I am having phantom symptoms already too. They started in the middle of the night last night. I got woken up around 2:30 and probably didn't get back to sleep until around 4. I had a horrible headache and was extremely nauseous. Even though I was finally able to get back to sleep I still had the headache and nauseousness when I woke up for work. I ate some oatmeal around 9:30 even though I was still nauseous but I was so hungry I couldn't wait any longer. It took me until about 11:30 to finally took some Tylenol. I was hungry again around 12:00 but still not feeling too hot so I decided that maybe some saltines and soda would help...nope still nauseous. I laid down for a nap this afternoon and was surprized when I woke up 3 hours later!! Headache gone, nauseousness still there...On top of this I am definitely feeling some happenings in my ute. Who knows...it's way too early to tell!
I am down with the nauseousness, acne, all around feeling of yuck if it means my BFP is around the corner though!
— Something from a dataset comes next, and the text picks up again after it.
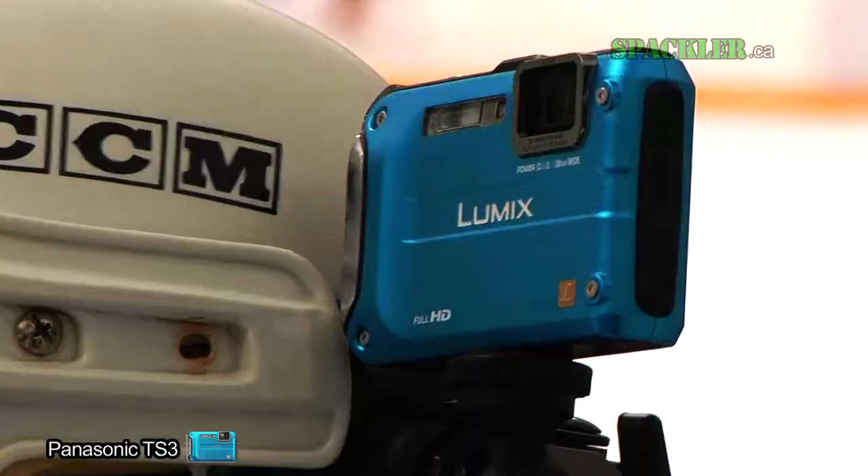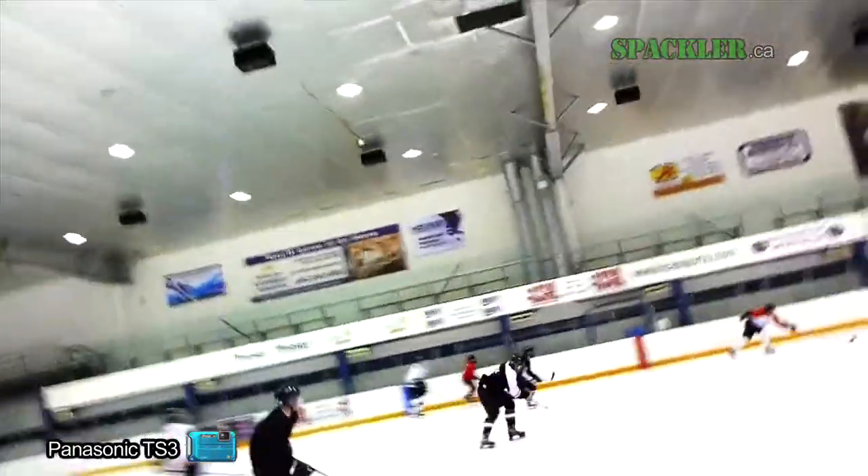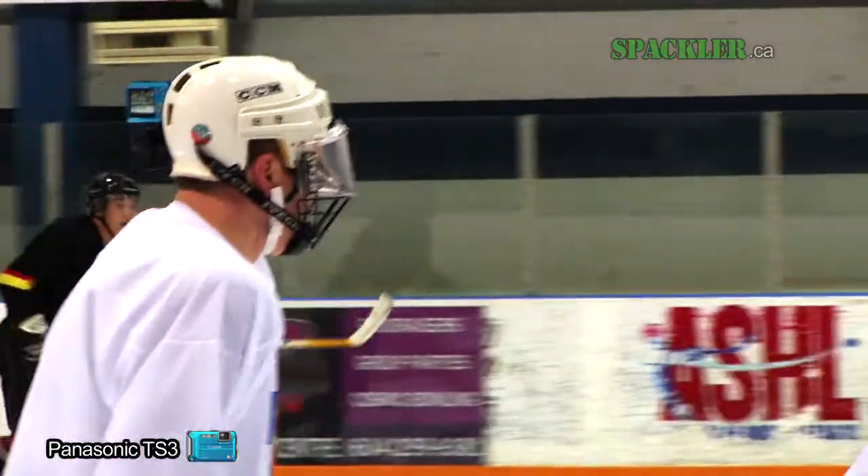Can a small blue camera survive the cold, wet battlefield of aggression? It's totally done.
Thursday, October 22, 2009

The Drs

Has anyone seen this show? The other day I was watchin Rachel Ray cook up some grub and decided to channel surf a bit. I checked out what was on afterwards and its was a show called The Drs. I read the little blurb about it and the last part of the sentence said "magic hour" to conceive...I thought wow I should watch this maybe learn a few things.

The show starts out with 4 doctors at a table talking about different things, answering audience questions, taking street people questions, and there is usually a guest doctor wither by phone or in person who comes out as an "expert" on whatever the case may be.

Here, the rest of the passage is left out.